Le glissement sémantique de la notion de transport à la notion de mobilité est caractéristique de la révolution de notre rapport aux distances et au temps en un siècle. Là où la vie était rythmée par le seul travail autour duquel s’organisait toute la vie sociale y compris le logement à proximité, aujourd’hui nos activités sont désynchronisées et éclatées sur le territoire compte tenu de l’accessibilité (infrastructures du déplacement et des NTIC) et des vitesses de déplacement. Ainsi quand nous parcourions 5km/jour en moyenne il y a un siècle, nous en faisons 45 aujourd’hui. Malheureusement ces kilomètres sont fortement « carbonés » ce qui oblige à repenser le « toujours plus vite, plus loin et plus individualisé ».

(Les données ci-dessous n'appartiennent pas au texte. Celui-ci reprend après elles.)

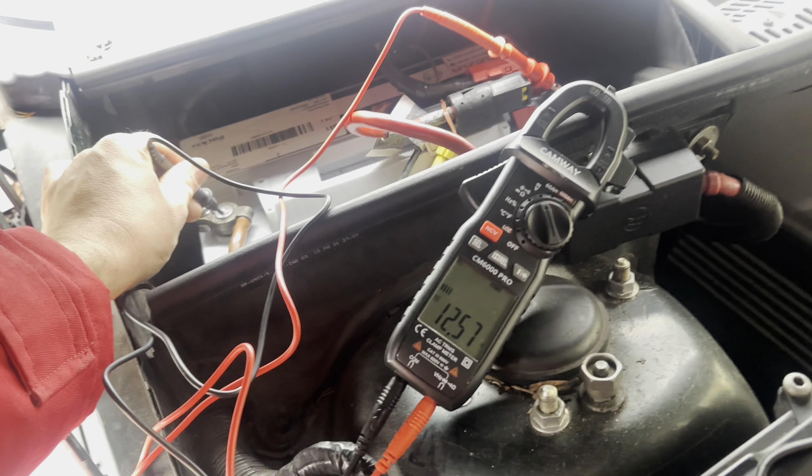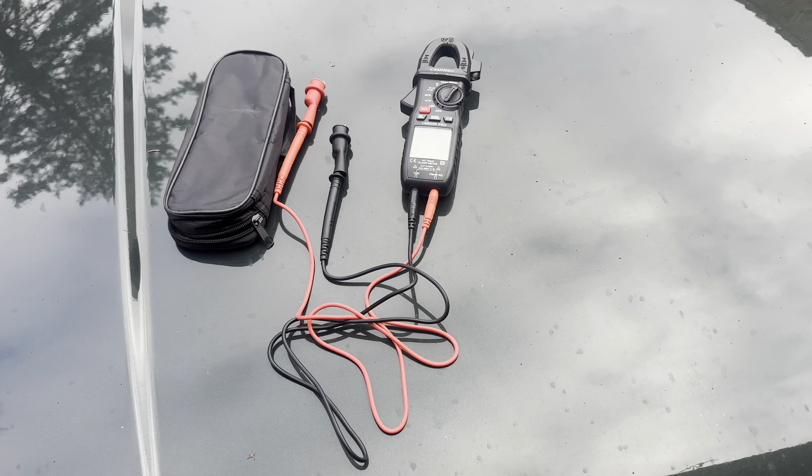I'm using it now to find a parasitic draw in my car and it works very well. I'm happy with it.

« Face au temps, la vitesse procure un sentiment de libération, de fuite qui nous dispense de la question du sens et du but du voyage et nous rend souvent incapables de penser le futur » (Luc GWIAZDZINSKI dans La ville 24h/24). Pourtant l’enjeu est bien là, face à la disparition des distances, comment penser les territoires en fonction de l’usage du temps de leurs habitants et des conséquences pour la planète (35% de nos émissions de CO2 sont dues aux transports)?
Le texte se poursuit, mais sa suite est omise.